◆ TASK REQUIREMENTS ◆
A verbatim transcription of the listing below is required, without its pictures.

◆ DATA PROVIDED ◆
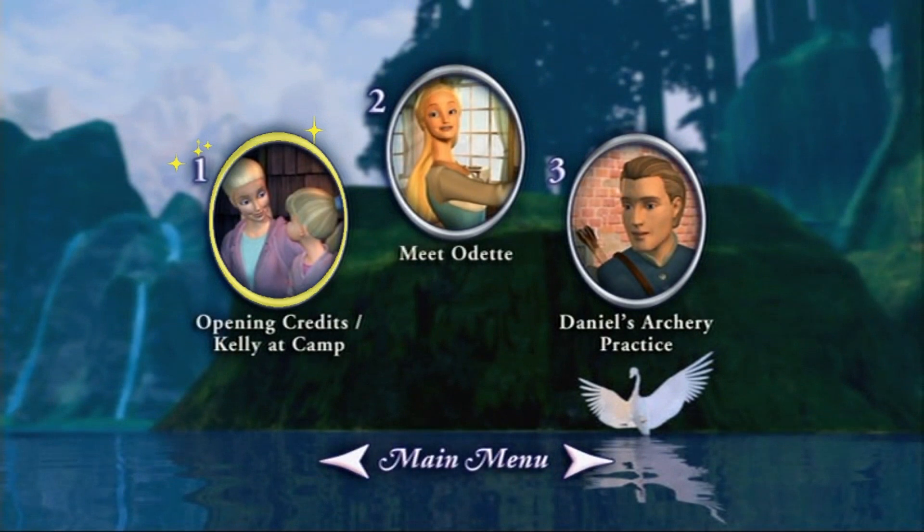These are some of my favorite scenes from Barbie of Swan Lake. Use the arrow buttons on your remote control to select the scene you would like to watch.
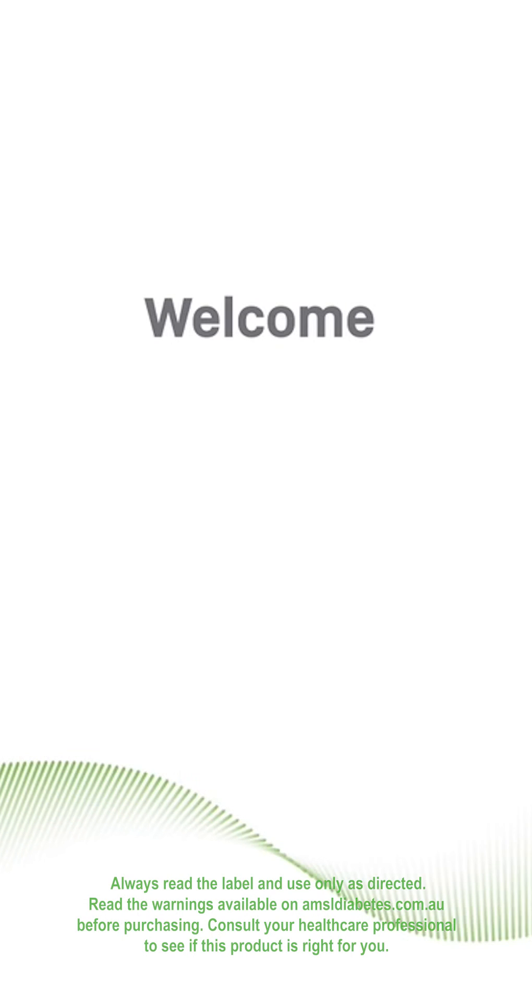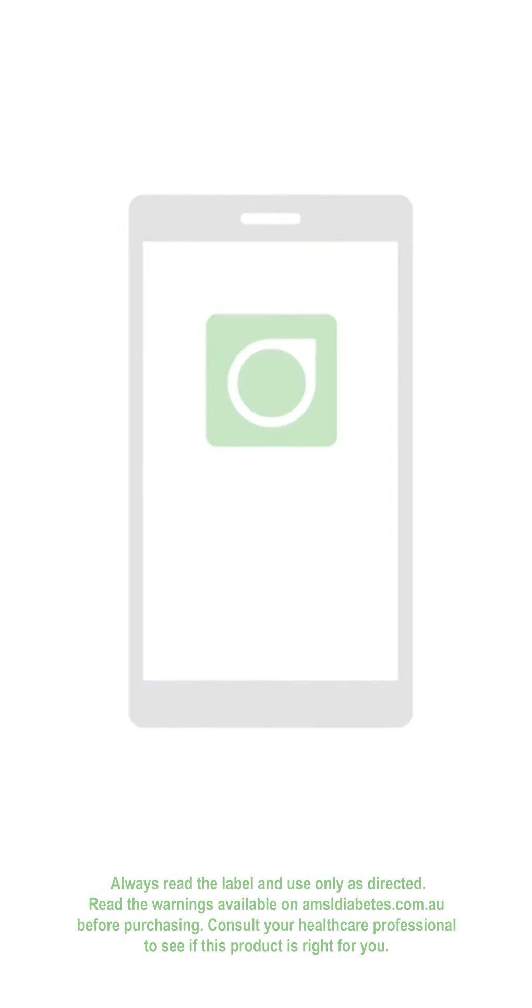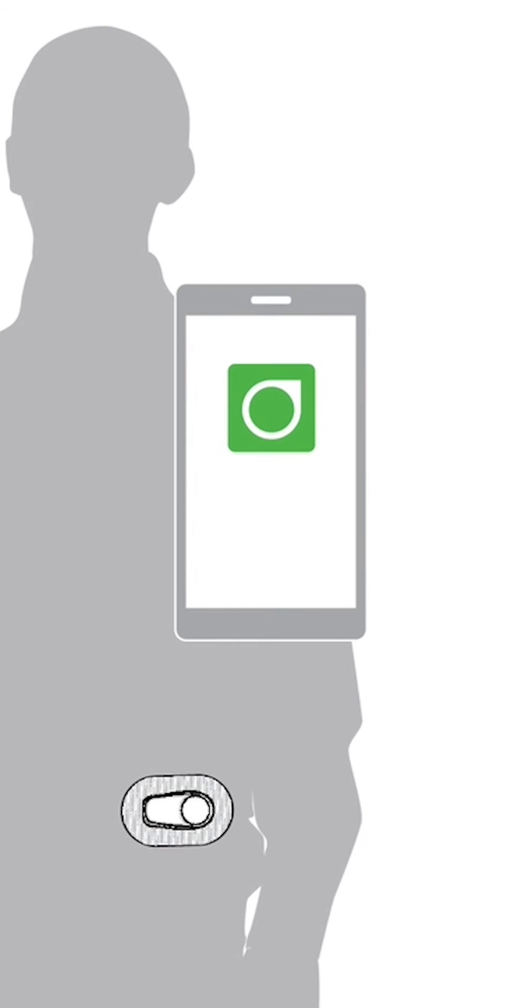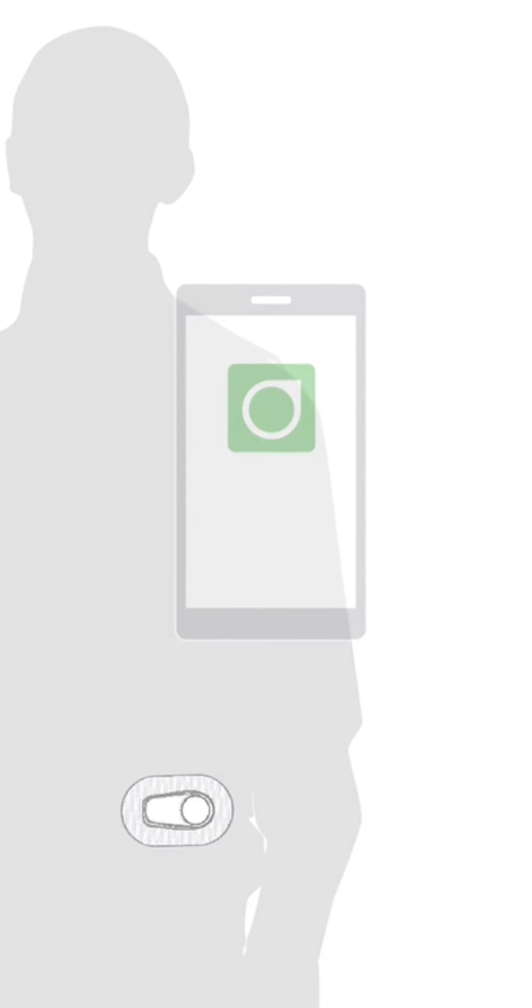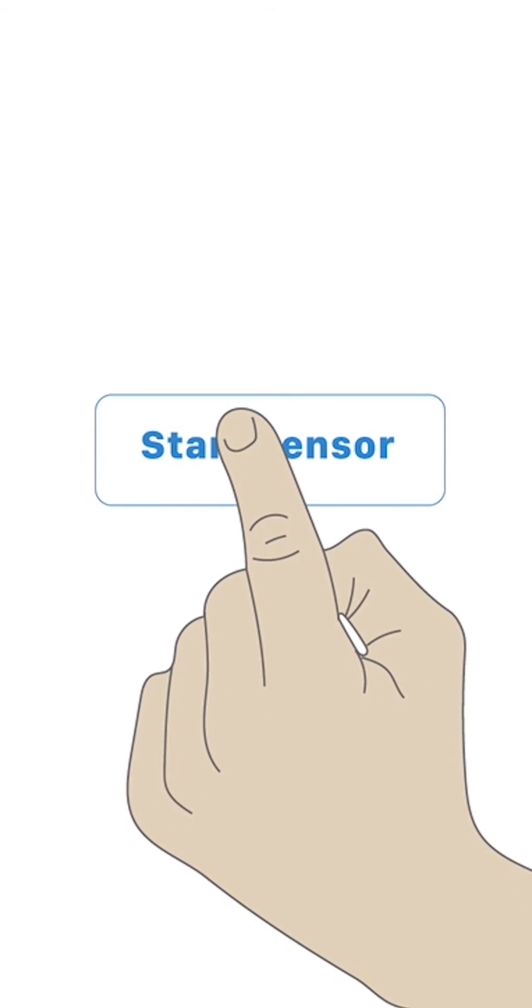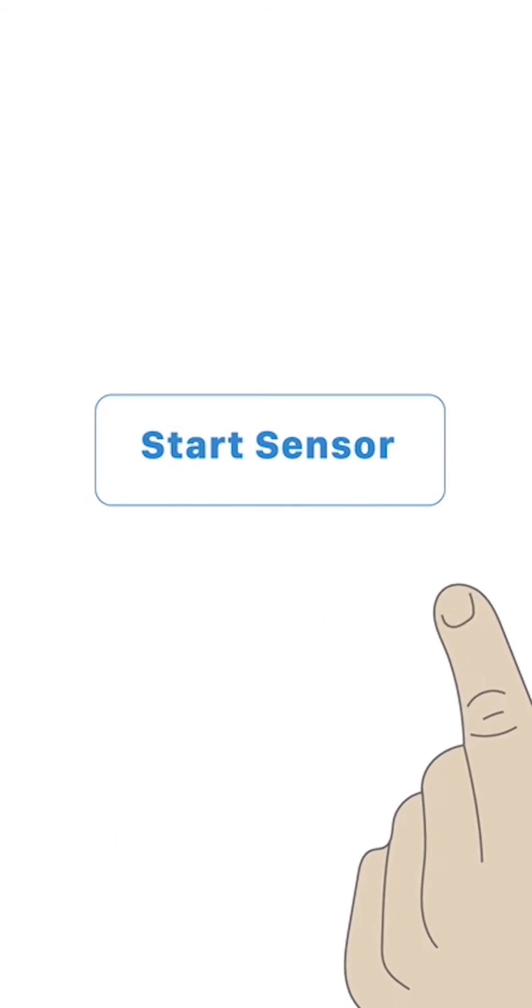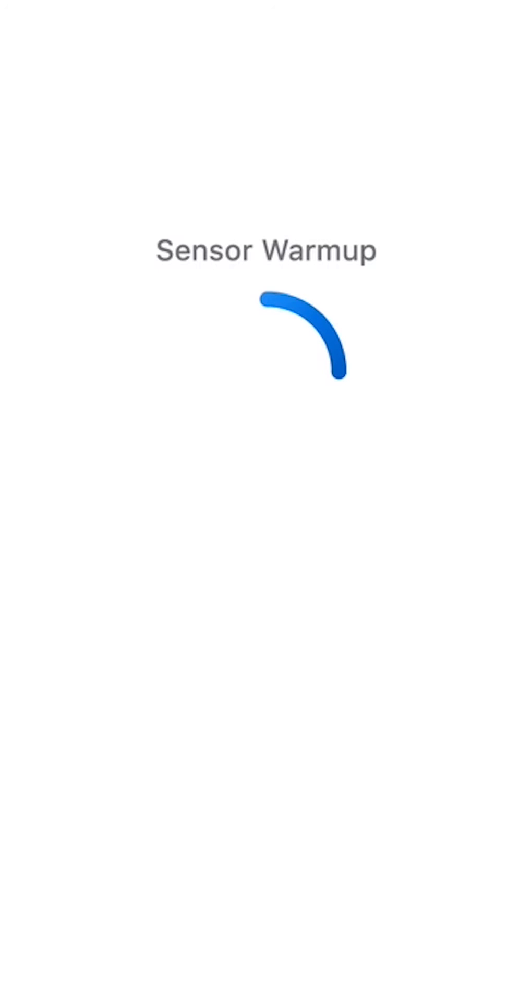Welcome to the Dexcom G6 Continuous Glucose Monitoring System or G6. Use your setup wizard to walk you through setting up your smart device, inserting your sensor and starting your sensor session. Your sensor session starts with sensor warm-up.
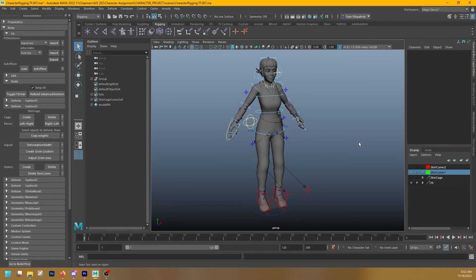In the next video we will talk about weight painting and finishing up the body. But until then, have a good one.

◆ EXERCISE OUTPUT ◆
These are some of my favorite scenes from Barbie of Swan Lake. Use the arrow buttons on your remote control to select the scene you would like to watch.
Welcome to the Dexcom G6 Continuous Glucose Monitoring System or G6. Use your setup wizard to walk you through setting up your smart device, inserting your sensor and starting your sensor session. Your sensor session starts with sensor warm-up.
In the next video we will talk about weight painting and finishing up the body. But until then, have a good one.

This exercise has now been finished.